(Annotated photo localization data)
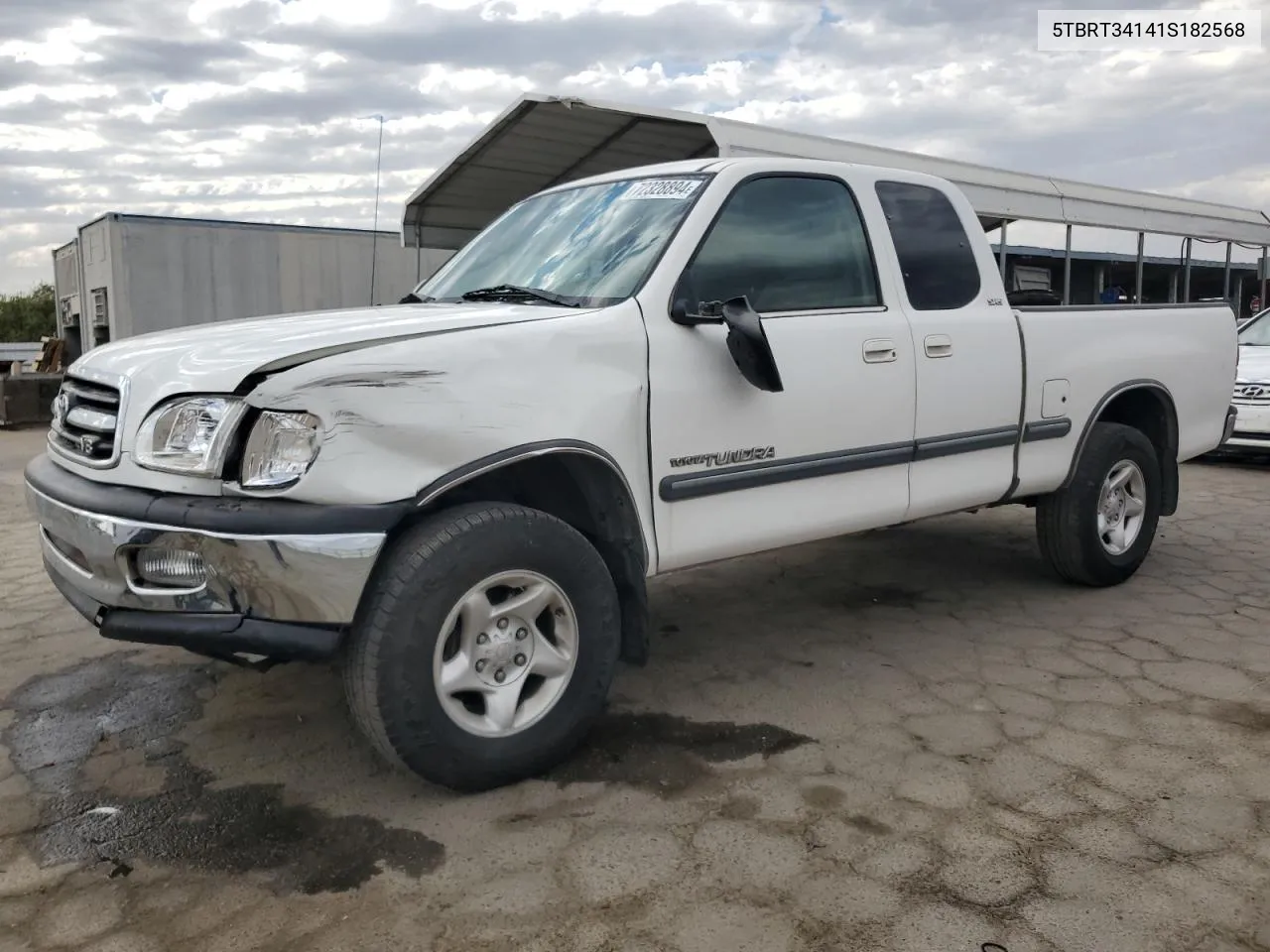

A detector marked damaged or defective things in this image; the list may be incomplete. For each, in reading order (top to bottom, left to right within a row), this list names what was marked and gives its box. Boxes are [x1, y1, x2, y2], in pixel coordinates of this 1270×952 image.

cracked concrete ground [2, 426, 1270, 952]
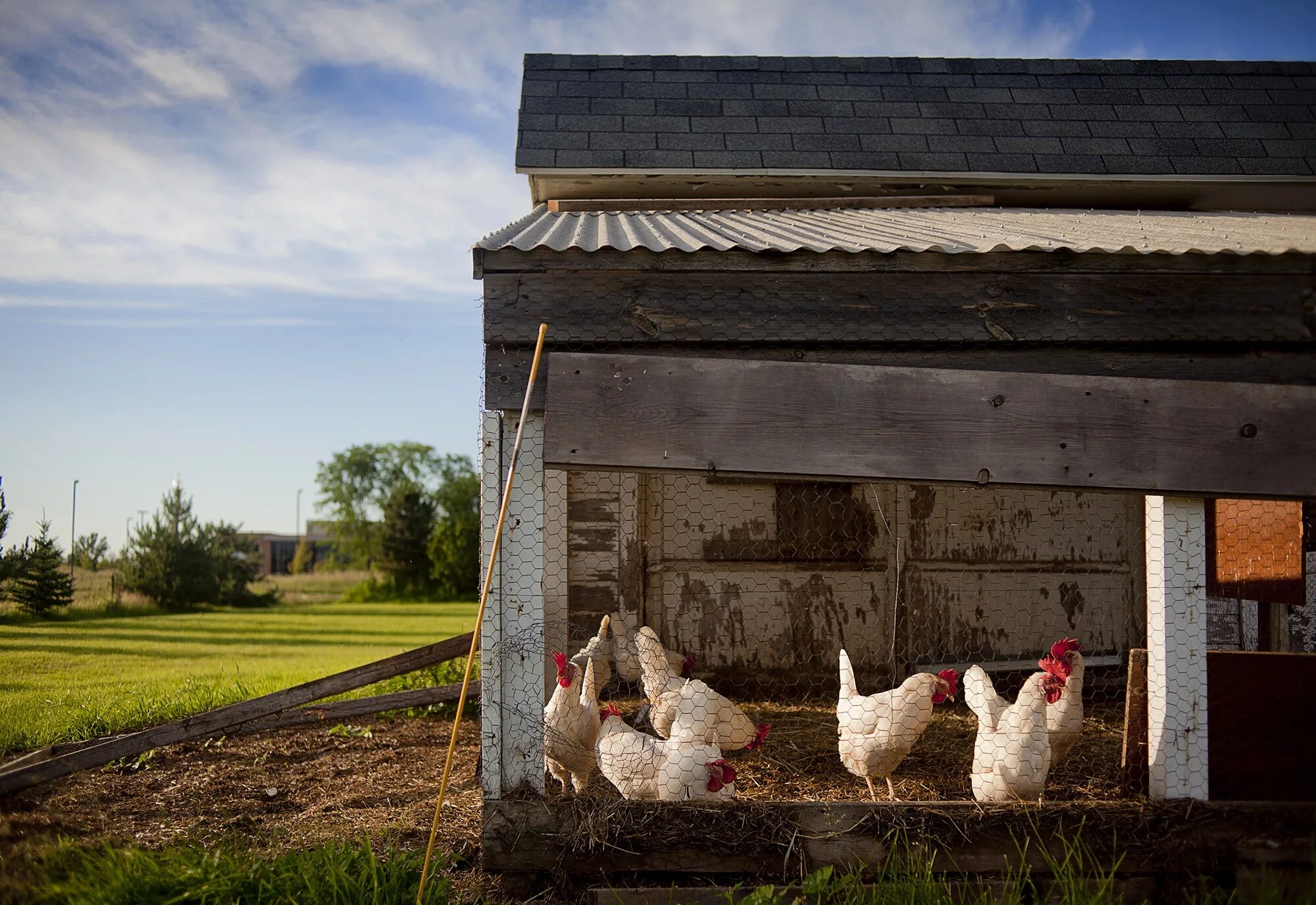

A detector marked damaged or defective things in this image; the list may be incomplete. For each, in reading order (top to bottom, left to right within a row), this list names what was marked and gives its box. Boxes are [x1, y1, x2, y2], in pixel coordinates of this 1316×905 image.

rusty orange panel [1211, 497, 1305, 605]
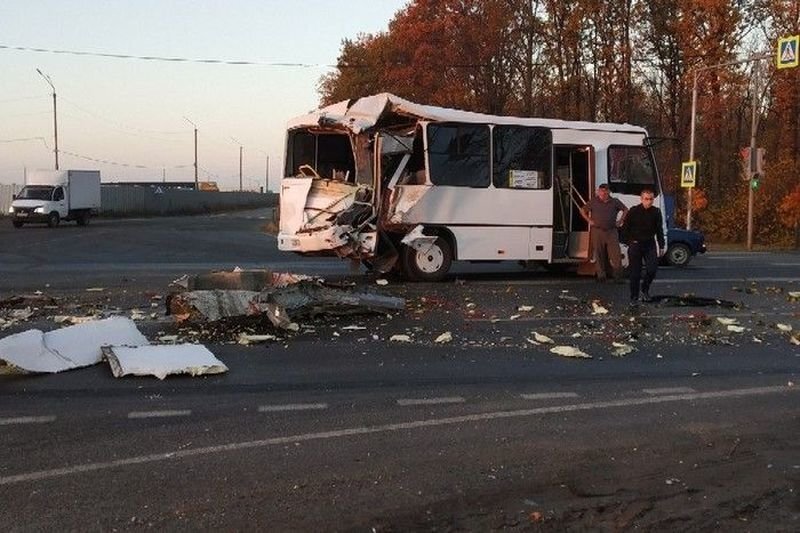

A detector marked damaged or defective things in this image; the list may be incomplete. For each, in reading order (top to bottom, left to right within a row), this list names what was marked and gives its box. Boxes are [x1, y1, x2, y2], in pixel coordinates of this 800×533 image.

WORK ORDER →
Give again, word for word, each line from the one holding "this 1316×905 image." through the end of the entries, and leave out any picture.

YOUR SOLUTION →
A detector marked damaged or defective things in this image; the list may be incomplete. For each, in reading order (top to bottom, left to right within a row), this list names what was marked and gives its box. Boxes are [x1, y1, x2, y2], in pixel coordinates of this 1316×905 image.

rusty orange panel [1211, 497, 1305, 605]

A detector marked damaged or defective things in this image; the list may be incomplete. For each, in reading order (top to bottom, left to right within a row), this list names what was marked and gives its box. Boxes are [x1, y1, x2, y2], in pixel coordinates of this 800×533 image.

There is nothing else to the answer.